_EXERCISE DETAILS_:
This exercise calls for the whole listing to be given again exactly, without images.

'''

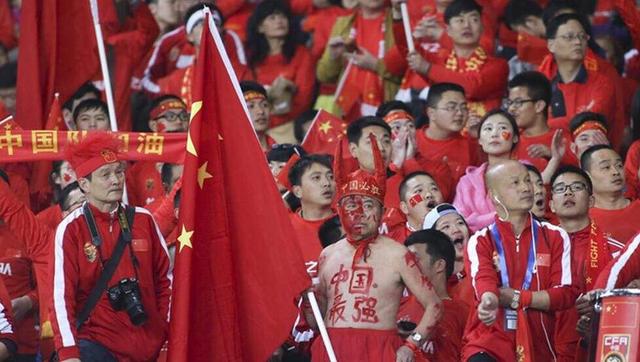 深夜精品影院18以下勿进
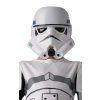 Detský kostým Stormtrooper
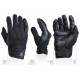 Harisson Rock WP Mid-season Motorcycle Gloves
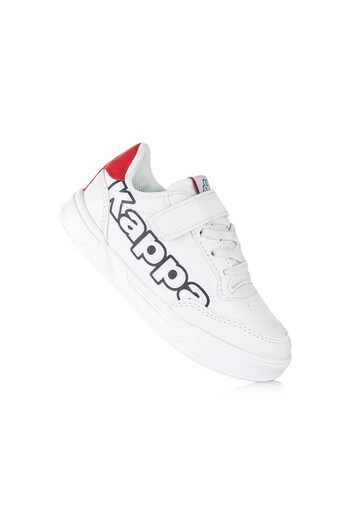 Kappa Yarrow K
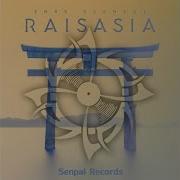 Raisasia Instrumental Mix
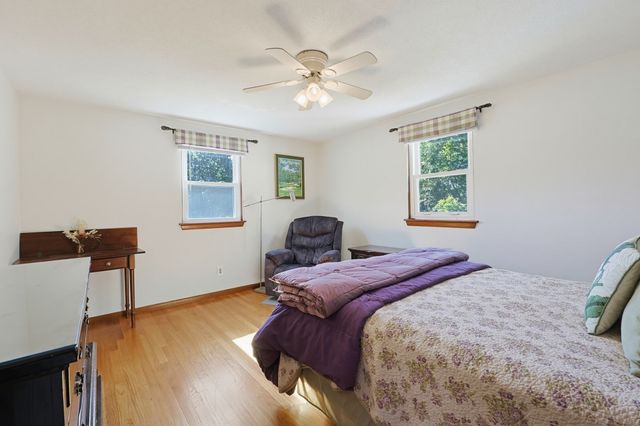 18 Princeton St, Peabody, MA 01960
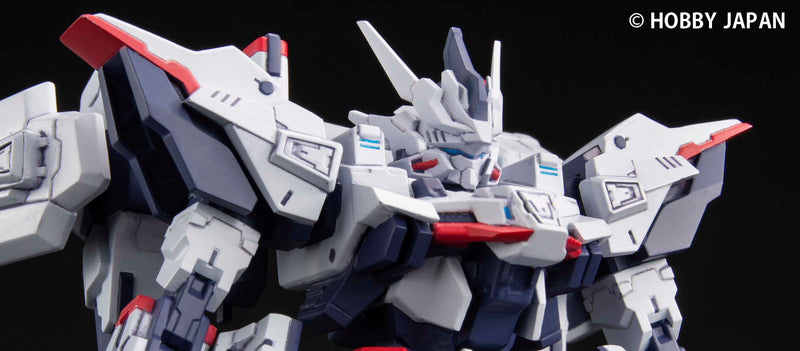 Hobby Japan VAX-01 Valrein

'''

_WRITTEN ANSWER_:
 深夜精品影院18以下勿进
 Detský kostým Stormtrooper
 Harisson Rock WP Mid-season Motorcycle Gloves
 Kappa Yarrow K
 Raisasia Instrumental Mix
 18 Princeton St, Peabody, MA 01960
 Hobby Japan VAX-01 Valrein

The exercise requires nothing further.